Wednesday, April 24, 2024

Plea agreements often grant big discounts for accused's information, expert says

Former St. Clair County judge Michael Cook faces what few have faced, criminal trial before a judge who found a plea agreement too lenient.

Cook will stand trial on heroin possession charges if he can’t bargain a sentence longer than 18 months and obtain approval from U.S. District Judge Joe McDade of Peoria.

McDade, a senior judge who took Cook’s case after Southern District judges recused themselves, rejected an 18 month sentence on Feb. 26.

He set a sentencing hearing for March 28, and asked for notice of a new plea agreement by March 19.

Neither Cook nor U.S. Attorney Stephen Wigginton knows what sentence would satisfy McDade, because judges cannot involve themselves in plea negotiations.

Critics of plea agreements worry that judges approve them too easily, but some judges surprise the critics.

Los Angeles Superior Court judge Stephen Marcus rejected two agreements providing no time and 90 days for former Glendale mayor and embezzler John Drayman.

On March 12, after the second rejection, prosecutors announced that Drayman agreed to serve a year behind bars.

In January, judge Robert Gerety of Orange Superior Court in Chelsea, Vt., rejected 90 days for a man who fired three rifle shots into a moving car.

In February, judge Mary Hoak of Grand County, Colo., rejected a year for a man who caused a fatal crash while driving under the influence.

Hoak found that the agreement diminished the seriousness of the crime and sent a wrong message.

A review of court cases turned up no instance of a defendant suing a judge for rejecting a plea agreement.

A defendant once alleged vindictiveness against a judge for the sentence he imposed after rejecting an agreement and holding trial, but the claim failed.

An article in Harvard Law Review, in 2004, illuminated the peculiar nature of plea bargaining in drug crimes.

Harvard professor William Stuntz wrote, “In most cases, the point of threatening a harsh post trial sentence is to induce a guilty plea.”

“In drug cases, the government often has another goal: to get information,” Stuntz wrote.

“Something important follows from that goal: defendants who have the most information to sell get the biggest discount.

“In a system like ours that rewards snitches generously, some defendants will be punished very harshly – nominally for their crimes, but actually for not having the kind of information one gets only by working at high levels of criminal organizations.”

He wrote that federal criminal code probably covers more behavior than any state’s criminal code, with less political obligation and better funding.

“Which means the law that federal prosecutors make is much more likely to flow from the prosecutors’ preferences than from the voters’,” he wrote.

“Prosecutors are not like civil plaintiffs.

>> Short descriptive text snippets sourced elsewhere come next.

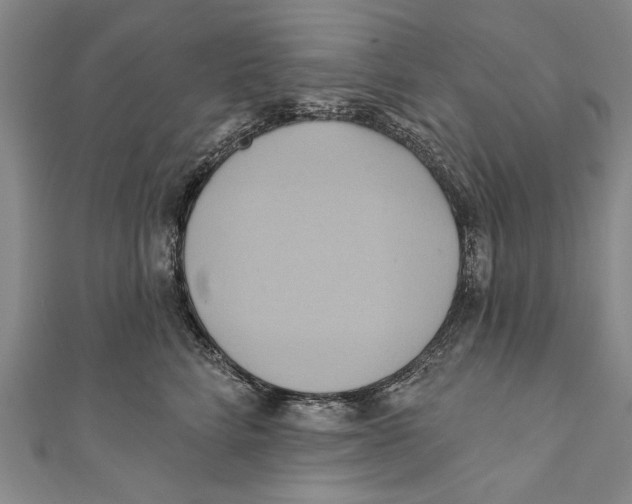 X0000110680712200907101127
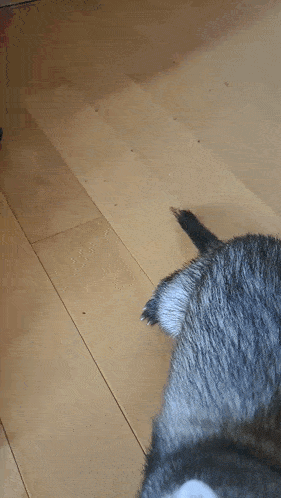 a close up of a cat 's face with blue eyes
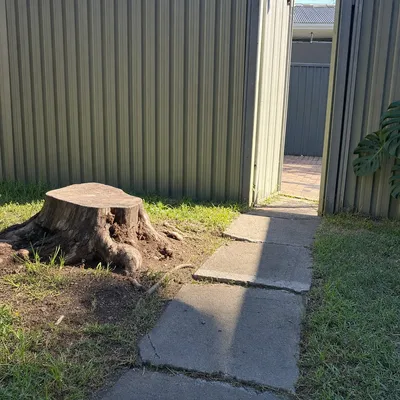 Before: Stump ground out through a tight side gate, Werribee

They are not paid by the conviction, with bonuses for each additional month the defendant spends in prison.”

He wrote that when a sentence reaches the level a prosecutor prefers, adding time offers no benefit to the prosecutor.

“Indeed, prosecutors may actually value extra prison time negatively,” Stuntz wrote.

He wrote that “however prosecutors define their preferred sentence, there is no good reason to assume that their preference is always for the harshest sentence they can possibly get.”

In 2007, in DePaul Law Review, Vanderbilt University professor Nancy King wrote that courts have tolerated banishment, castration, and sterilization in plea bargains.

“Because offense definitions overlap, and no judge can force a prosecutor to charge any particular offense, mandatory sentences are routinely avoided by negotiation,” she wrote.

“With such a broad range of offenses and penalties to choose from, parties may first agree upon a sentence and then find the offense that fits.”

King called on judges to reject agreements that undercut important public interests.

She recommended “independent pre-sentence reports, prepared from adequately funded investigations and available to the judge prior to the approval of plea agreements.”

McDade proceeded the way King recommended.

He accepted Cook’s guilty plea in November, telling Cook he would not accept the plea agreement until he read a report from a probation officer.

McDade signaled trouble for the agreement in January, by ordering a supplemental report on the effect of Cook’s misconduct on public respect for the judiciary.